(Beginning of Supplied material)

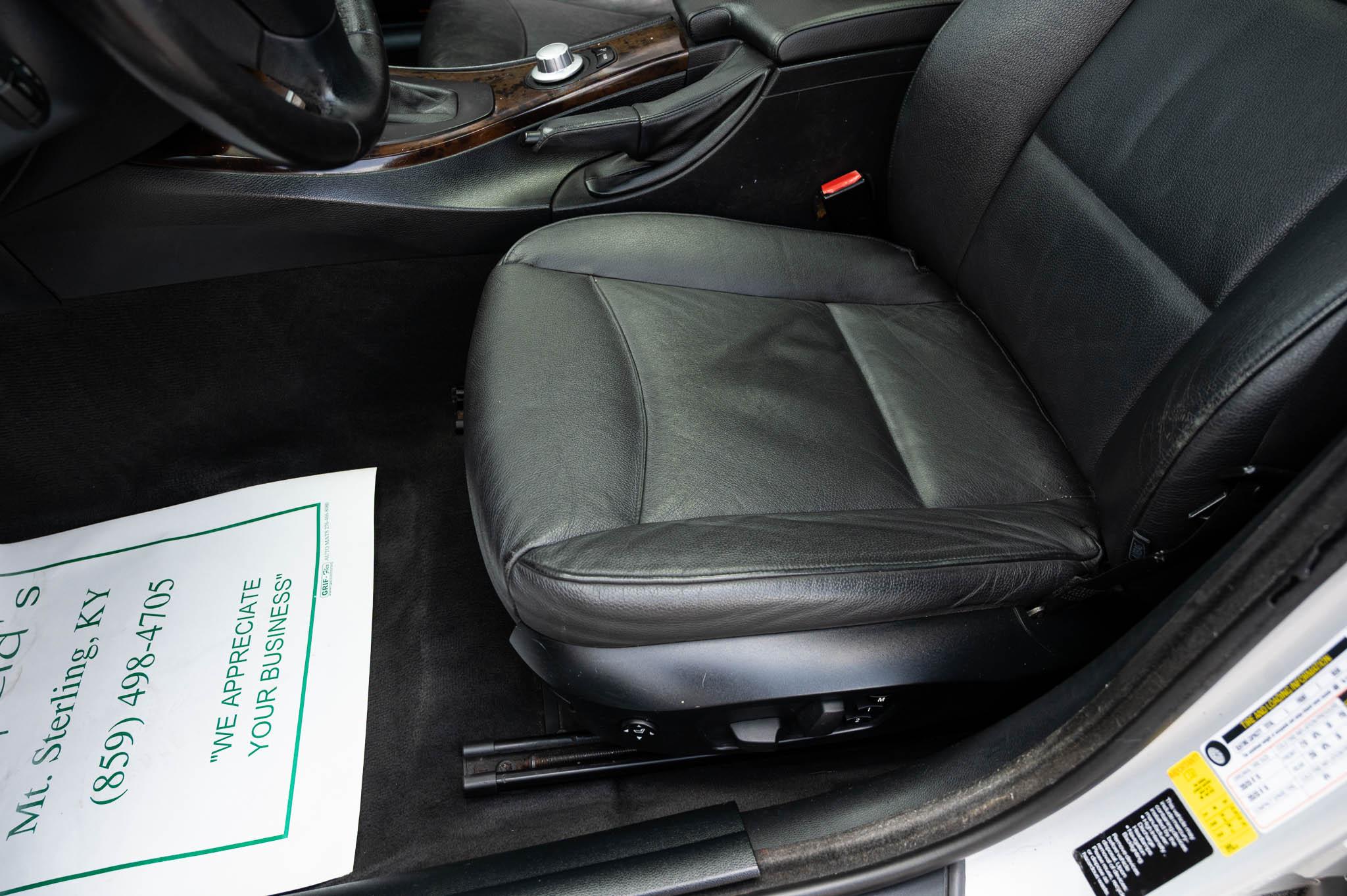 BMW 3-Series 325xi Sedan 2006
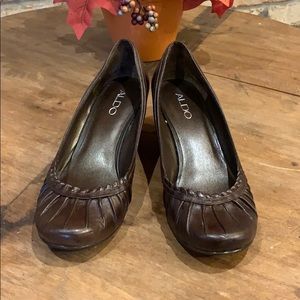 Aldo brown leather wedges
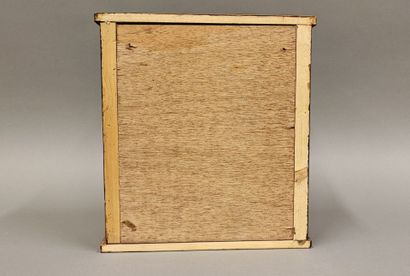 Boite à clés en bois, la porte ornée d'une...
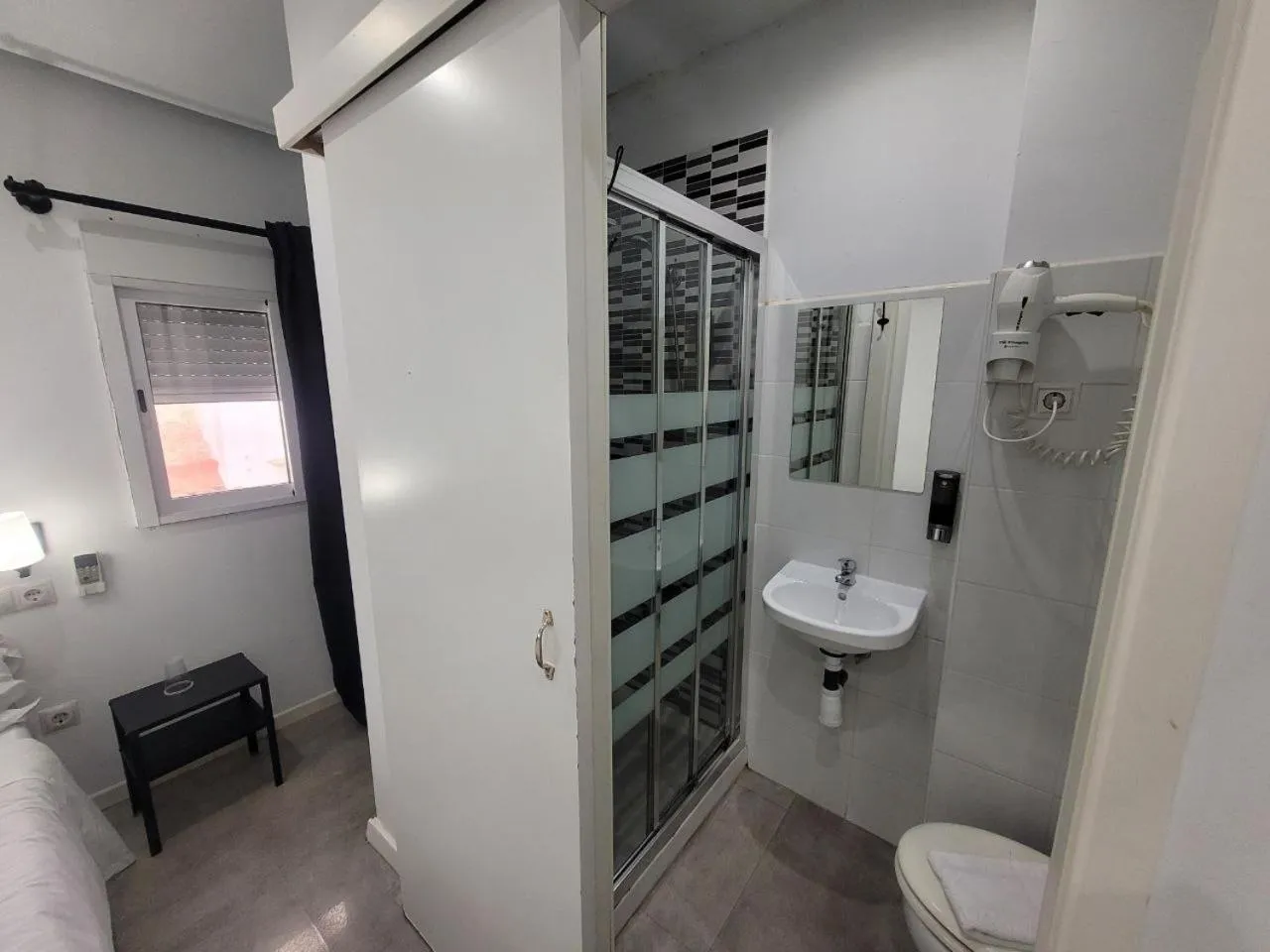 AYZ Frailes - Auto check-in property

(End of Supplied material)

**What you are asked to do:**
All lines from the one holding "Boite à clés" to the end of the listing above need to be duplicated exactly. None of the pictures should be included.

**Finished exercise:**
 Boite à clés en bois, la porte ornée d'une...
 AYZ Frailes - Auto check-in property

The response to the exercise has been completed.